Traditionally held at the Mechanics’ Institute (MI) in downtown San Francisco, the Tuesday Night Marathon is one of the longest running weekly tournament in the United States. Begun in 1972 by former MI chess room director Ray Conway as the worldwide popularity of chess exploded – Fischer vs. Spassky, anyone? – the TNM was indeed a marathon: 12 rounds, one game per week, complete with adjournments and sealed-move envelopes. 

Conway was truly a character. A cross between W.C. Fields and Fred Flintstone, he always wore a black suit and carried a huge cigar. The late master Steve Brandwein once gave Conway the nickname “two-gun” -- though this was not completely accurate: Conway only carried one gun, and he used a shoulder holster like a detective in some TV show from that era.  

I played in the second TNM in late 1972 and was paired against my brother, IM Jay Whitehead – that scoresheet is the only one I still own from that tournament. More kids would come and play in the TNM then go on to become masters, including GMs Daniel Naroditsky, Sam Shankland and more recently Patrick Wolff. Other notable participants in this classic event were IMs John Grefe and Walter Shipman. 

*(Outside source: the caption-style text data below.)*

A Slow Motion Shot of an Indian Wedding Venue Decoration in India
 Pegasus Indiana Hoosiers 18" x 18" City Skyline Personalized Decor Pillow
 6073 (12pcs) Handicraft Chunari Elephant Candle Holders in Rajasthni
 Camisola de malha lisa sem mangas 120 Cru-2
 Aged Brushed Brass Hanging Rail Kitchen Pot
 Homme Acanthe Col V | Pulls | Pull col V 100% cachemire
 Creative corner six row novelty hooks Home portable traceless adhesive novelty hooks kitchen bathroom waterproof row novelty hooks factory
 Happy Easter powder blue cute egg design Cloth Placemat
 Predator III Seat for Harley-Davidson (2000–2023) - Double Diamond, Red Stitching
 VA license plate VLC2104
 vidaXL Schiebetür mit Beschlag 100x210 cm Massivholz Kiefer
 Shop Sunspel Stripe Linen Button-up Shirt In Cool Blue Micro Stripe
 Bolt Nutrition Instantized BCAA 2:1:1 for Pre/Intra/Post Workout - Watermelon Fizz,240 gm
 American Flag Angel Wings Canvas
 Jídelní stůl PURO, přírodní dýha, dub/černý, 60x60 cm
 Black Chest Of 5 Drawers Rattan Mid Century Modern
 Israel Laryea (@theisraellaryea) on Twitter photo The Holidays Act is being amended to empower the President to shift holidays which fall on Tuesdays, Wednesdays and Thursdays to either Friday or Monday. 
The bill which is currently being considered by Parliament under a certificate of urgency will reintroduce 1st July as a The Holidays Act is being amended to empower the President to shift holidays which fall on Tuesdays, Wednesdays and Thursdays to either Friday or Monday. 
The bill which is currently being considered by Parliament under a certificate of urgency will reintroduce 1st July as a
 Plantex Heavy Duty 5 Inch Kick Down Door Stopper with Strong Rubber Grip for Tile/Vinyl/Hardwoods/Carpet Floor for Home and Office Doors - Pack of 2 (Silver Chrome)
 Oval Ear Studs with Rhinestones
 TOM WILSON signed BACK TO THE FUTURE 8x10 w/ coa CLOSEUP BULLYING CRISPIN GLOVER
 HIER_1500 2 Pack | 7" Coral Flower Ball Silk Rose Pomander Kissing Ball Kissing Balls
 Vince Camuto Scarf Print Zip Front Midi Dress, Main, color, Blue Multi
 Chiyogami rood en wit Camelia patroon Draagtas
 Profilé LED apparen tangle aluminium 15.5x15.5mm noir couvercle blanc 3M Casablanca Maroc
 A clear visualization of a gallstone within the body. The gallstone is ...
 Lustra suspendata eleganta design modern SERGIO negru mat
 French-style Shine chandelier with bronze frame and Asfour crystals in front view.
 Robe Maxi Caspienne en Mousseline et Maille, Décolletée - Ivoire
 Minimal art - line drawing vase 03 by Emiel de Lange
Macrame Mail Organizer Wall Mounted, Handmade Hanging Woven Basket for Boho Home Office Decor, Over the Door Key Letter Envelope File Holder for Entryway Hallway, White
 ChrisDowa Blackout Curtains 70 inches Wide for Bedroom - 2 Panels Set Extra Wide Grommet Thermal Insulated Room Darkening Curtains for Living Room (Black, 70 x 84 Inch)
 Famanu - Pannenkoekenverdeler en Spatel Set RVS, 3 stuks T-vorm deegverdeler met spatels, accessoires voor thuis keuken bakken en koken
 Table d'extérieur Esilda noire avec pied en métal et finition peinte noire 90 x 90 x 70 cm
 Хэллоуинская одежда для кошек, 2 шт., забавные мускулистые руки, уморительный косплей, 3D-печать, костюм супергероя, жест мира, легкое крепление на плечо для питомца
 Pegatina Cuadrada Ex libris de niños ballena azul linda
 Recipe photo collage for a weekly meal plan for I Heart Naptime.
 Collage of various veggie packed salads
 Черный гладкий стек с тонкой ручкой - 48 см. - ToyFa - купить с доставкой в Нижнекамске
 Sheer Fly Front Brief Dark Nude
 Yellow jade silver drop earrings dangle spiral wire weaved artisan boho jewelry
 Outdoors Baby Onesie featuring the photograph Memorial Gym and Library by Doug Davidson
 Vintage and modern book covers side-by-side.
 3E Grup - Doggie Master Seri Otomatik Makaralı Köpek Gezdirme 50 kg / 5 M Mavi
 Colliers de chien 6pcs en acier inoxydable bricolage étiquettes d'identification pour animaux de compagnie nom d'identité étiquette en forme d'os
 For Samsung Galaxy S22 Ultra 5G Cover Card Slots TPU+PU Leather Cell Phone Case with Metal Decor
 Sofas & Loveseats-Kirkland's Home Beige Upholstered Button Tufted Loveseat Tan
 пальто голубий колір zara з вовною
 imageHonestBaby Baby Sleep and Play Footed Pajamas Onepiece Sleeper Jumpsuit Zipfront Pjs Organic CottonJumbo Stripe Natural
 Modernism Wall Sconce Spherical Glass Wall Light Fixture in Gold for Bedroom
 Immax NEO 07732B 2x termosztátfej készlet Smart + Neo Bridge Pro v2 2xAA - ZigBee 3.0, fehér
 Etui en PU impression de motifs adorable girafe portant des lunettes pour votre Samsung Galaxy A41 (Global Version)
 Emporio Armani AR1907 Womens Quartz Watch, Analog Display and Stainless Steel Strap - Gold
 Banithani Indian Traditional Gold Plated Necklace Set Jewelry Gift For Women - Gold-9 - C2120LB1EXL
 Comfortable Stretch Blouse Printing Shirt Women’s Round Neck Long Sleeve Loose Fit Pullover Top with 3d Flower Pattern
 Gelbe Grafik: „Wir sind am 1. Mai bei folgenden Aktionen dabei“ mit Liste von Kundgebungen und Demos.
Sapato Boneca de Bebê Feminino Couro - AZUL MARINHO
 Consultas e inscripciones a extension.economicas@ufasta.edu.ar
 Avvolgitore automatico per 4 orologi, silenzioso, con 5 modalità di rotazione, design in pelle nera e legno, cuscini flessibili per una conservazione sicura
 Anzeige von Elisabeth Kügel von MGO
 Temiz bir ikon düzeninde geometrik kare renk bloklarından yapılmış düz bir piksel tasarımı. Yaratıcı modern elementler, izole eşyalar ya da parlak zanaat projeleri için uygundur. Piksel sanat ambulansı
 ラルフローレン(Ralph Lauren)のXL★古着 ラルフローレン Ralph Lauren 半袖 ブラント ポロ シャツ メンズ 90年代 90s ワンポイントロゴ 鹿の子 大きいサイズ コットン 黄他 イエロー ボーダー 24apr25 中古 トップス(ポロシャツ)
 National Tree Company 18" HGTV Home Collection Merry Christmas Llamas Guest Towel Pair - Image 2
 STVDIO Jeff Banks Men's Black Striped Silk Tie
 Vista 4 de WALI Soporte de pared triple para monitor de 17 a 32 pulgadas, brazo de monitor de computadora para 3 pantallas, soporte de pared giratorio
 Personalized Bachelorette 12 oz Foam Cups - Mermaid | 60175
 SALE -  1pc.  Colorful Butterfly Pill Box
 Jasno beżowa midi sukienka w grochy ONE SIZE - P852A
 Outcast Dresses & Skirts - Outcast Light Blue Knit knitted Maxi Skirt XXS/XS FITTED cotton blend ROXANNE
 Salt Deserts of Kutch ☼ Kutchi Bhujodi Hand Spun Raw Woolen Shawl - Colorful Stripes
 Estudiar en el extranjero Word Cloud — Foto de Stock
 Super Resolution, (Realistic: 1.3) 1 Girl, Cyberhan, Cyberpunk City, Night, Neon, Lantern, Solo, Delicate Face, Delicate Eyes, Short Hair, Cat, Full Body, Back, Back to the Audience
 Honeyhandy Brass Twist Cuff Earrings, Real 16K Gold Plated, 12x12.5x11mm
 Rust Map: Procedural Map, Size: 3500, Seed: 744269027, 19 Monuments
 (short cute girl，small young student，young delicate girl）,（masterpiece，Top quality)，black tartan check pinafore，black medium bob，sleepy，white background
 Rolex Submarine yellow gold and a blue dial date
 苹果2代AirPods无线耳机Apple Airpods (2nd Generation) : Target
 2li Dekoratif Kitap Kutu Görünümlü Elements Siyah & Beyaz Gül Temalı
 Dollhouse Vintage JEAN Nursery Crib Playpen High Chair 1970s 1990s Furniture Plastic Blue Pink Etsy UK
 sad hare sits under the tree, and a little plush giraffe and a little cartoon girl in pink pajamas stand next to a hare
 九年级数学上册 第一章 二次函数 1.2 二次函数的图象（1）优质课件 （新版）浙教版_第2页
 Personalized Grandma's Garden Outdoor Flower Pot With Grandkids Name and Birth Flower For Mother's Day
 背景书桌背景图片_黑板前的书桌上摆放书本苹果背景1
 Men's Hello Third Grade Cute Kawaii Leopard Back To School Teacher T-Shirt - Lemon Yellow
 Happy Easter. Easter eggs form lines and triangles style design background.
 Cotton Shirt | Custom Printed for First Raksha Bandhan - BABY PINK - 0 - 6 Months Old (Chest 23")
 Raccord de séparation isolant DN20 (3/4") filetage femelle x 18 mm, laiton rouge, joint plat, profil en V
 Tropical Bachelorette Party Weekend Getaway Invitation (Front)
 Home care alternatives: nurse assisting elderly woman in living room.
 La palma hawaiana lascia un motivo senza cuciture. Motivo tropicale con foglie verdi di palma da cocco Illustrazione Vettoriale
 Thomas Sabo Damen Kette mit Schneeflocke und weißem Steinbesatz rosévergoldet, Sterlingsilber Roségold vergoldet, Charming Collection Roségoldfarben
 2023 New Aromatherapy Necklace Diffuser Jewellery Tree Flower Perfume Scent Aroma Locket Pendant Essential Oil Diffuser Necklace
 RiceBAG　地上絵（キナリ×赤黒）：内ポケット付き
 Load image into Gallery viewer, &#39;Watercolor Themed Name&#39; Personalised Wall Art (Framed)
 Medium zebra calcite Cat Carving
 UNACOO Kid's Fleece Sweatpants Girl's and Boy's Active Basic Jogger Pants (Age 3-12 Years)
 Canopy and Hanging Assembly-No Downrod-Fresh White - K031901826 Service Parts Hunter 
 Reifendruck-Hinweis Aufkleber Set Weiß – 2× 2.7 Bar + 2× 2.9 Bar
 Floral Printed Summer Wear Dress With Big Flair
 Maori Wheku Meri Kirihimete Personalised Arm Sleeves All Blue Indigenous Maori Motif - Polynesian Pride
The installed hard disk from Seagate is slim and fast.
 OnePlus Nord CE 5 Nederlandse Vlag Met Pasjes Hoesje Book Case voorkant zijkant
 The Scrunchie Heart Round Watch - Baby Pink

Conway set loose a beast of an event, and successive MI directors have had to regularly adapt this brainchild to fit the changing chess world. Adjournments now belong to a dimly remembered prehistoric past (though the MI still has a collection of sealed-move envelopes). The number of rounds has been shortened, though never to a fixed count, often ranging between six and nine.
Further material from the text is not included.